■ **Problem statement**:
What follows is a listing to transcribe exactly, leaving the pictures out.

■ **Raw data**:
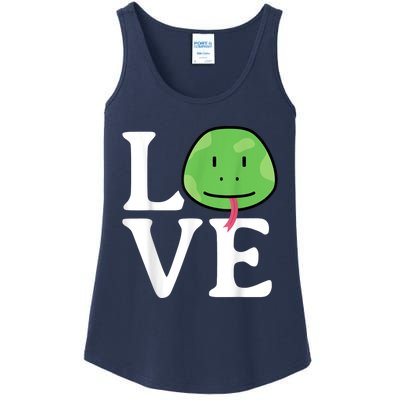 LOVE Snakes | Snake Lover | Cool Snake Ladies Essential Tank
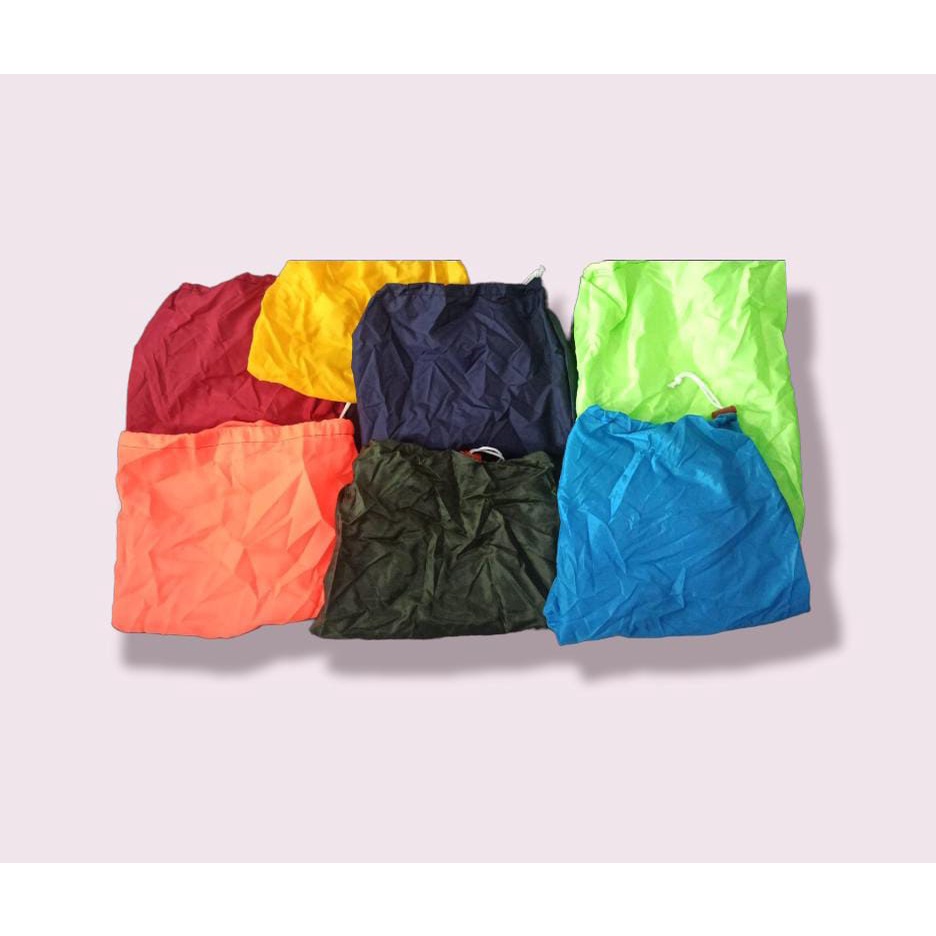 Sarung sleeping bag waterproof /  kantung tas sleeping bag polos /  cover sleeping bag / sarung sleeping bag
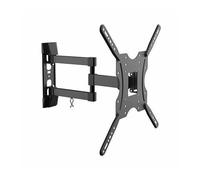 AISENS - WT55TSE-059 - Support Eco Pivotant pour moniteur/téléviseur, INCLUANT 30KG (3 PIVOTS) 32-55, Noir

■ **The answer**:
 LOVE Snakes | Snake Lover | Cool Snake Ladies Essential Tank
 Sarung sleeping bag waterproof /  kantung tas sleeping bag polos /  cover sleeping bag / sarung sleeping bag
 AISENS - WT55TSE-059 - Support Eco Pivotant pour moniteur/téléviseur, INCLUANT 30KG (3 PIVOTS) 32-55, Noir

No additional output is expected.